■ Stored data
□ □ □ □

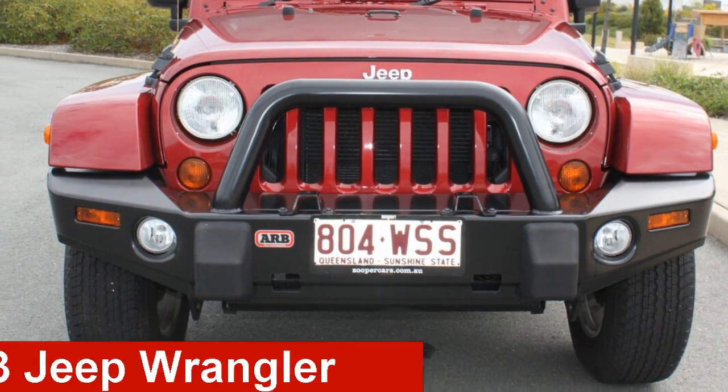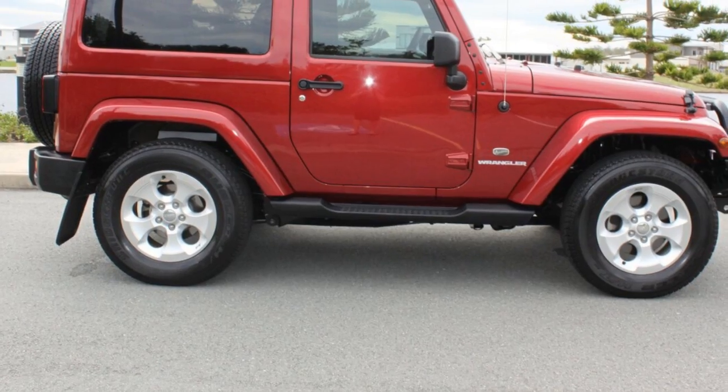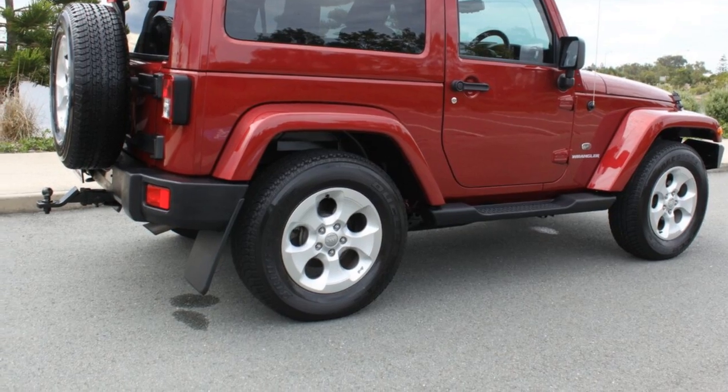Take a look at this 2013 Jeep Wrangler. This Wrangler has a reliable 3.6-litre engine. It responds smoothly to its 5-speed automatic transmission.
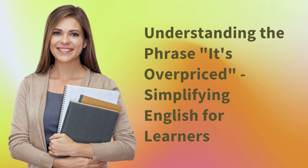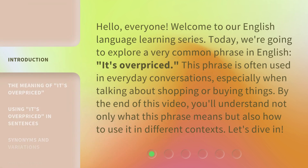Understanding the phrase 'it's overpriced' — simplifying English for learners. Hello, everyone. Welcome to our English language learning series. Today, we're going to explore a very common phrase in English: 'it's overpriced.' This phrase is often used in everyday conversations, especially when talking about shopping or buying things. By the end of this video, you'll understand not only what this phrase means, but also how to use it in different contexts. Let's dive in.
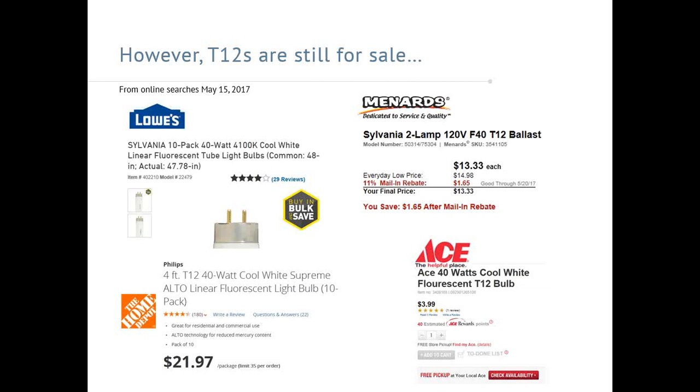It's still very possible to purchase T12s today. These are the results of some online searches done about a week ago. Standard four-foot T12s are still for sale at all the major home improvement stores — Lowe's, Home Depot, Menards, and Ace. For Menards, I included a screenshot of a T12 ballast — actually an electronic T12 ballast, which are not prohibited by current ballast standards. This reiterates that not only are T12s still in operation, but it's still possible to buy replacement parts for existing fixtures.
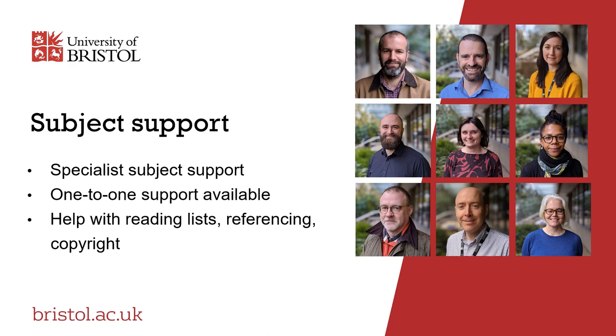Our team of subject librarians support learning, teaching and research at the university. Each has a subject specialism and can provide dedicated one-to-one expert support for your chosen disciplines. They will help you use your course reading lists, use references correctly, understand copyright and avoid plagiarism. If you are new to Bristol, you can expect to receive a library induction from your dedicated subject librarian during the early stages of your course.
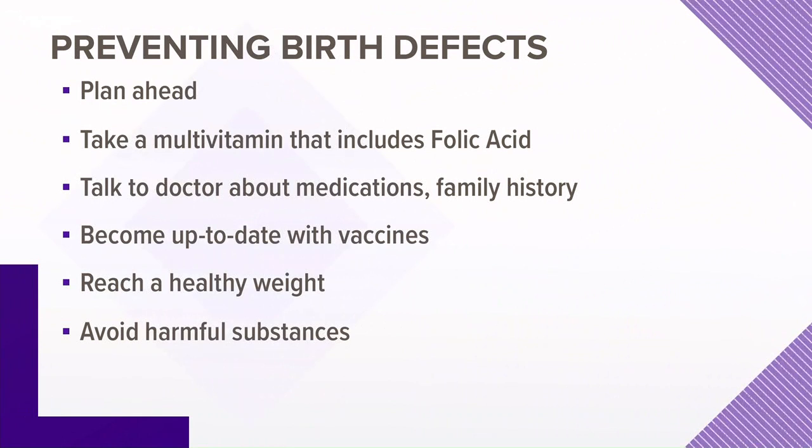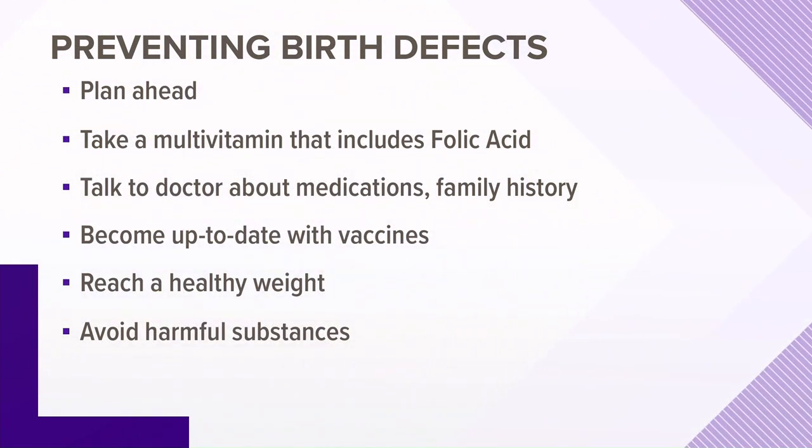And the last thing — the obvious — alcohol, tobacco, illicit drug use, just don't. Those can put a baby at risk too.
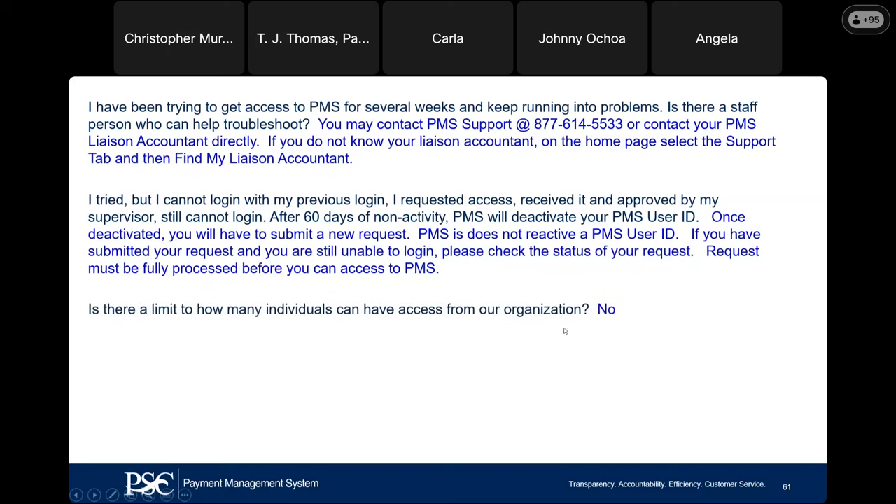Is there a limit on how many individuals can have access from your organization? No, there is not. You can have as many individuals as you want — it depends on your organization. There are different roles as well: someone may be view only, someone may be doing payments, another person may be doing everything. It is up to your organization to determine how many individuals can have access and what access they should have.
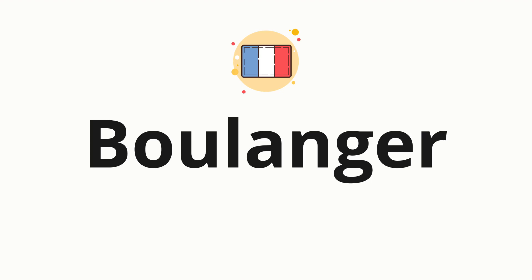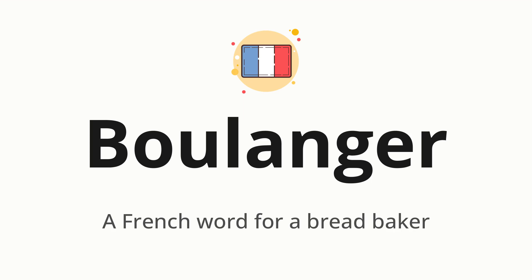Welcome to How to Pronounce. In today's video, we'll be focusing on a new word that you might find challenging or intriguing. So without further ado, let's dive into today's word: boulanger, which means a French word for a bread baker.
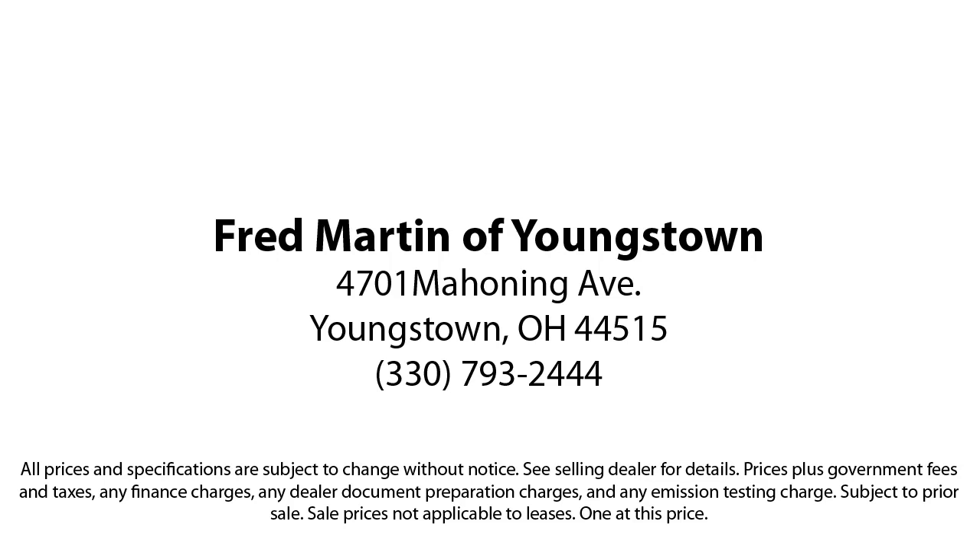We sell for less — a lot less. Fred Martin of Youngstown is located at 4701 Mahoning Avenue in Youngstown.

□ □ □ □

■ Work order
Write out all the entries again, word for word, and print no images.

■ Final answer
Take a look at this 2013 Jeep Wrangler. This Wrangler has a reliable 3.6-litre engine. It responds smoothly to its 5-speed automatic transmission.
Understanding the phrase 'it's overpriced' — simplifying English for learners. Hello, everyone. Welcome to our English language learning series. Today, we're going to explore a very common phrase in English: 'it's overpriced.' This phrase is often used in everyday conversations, especially when talking about shopping or buying things. By the end of this video, you'll understand not only what this phrase means, but also how to use it in different contexts. Let's dive in.
It's still very possible to purchase T12s today. These are the results of some online searches done about a week ago. Standard four-foot T12s are still for sale at all the major home improvement stores — Lowe's, Home Depot, Menards, and Ace. For Menards, I included a screenshot of a T12 ballast — actually an electronic T12 ballast, which are not prohibited by current ballast standards. This reiterates that not only are T12s still in operation, but it's still possible to buy replacement parts for existing fixtures.
Our team of subject librarians support learning, teaching and research at the university. Each has a subject specialism and can provide dedicated one-to-one expert support for your chosen disciplines. They will help you use your course reading lists, use references correctly, understand copyright and avoid plagiarism. If you are new to Bristol, you can expect to receive a library induction from your dedicated subject librarian during the early stages of your course.
And the last thing — the obvious — alcohol, tobacco, illicit drug use, just don't. Those can put a baby at risk too.
Is there a limit on how many individuals can have access from your organization? No, there is not. You can have as many individuals as you want — it depends on your organization. There are different roles as well: someone may be view only, someone may be doing payments, another person may be doing everything. It is up to your organization to determine how many individuals can have access and what access they should have.
Welcome to How to Pronounce. In today's video, we'll be focusing on a new word that you might find challenging or intriguing. So without further ado, let's dive into today's word: boulanger, which means a French word for a bread baker.
We sell for less — a lot less. Fred Martin of Youngstown is located at 4701 Mahoning Avenue in Youngstown.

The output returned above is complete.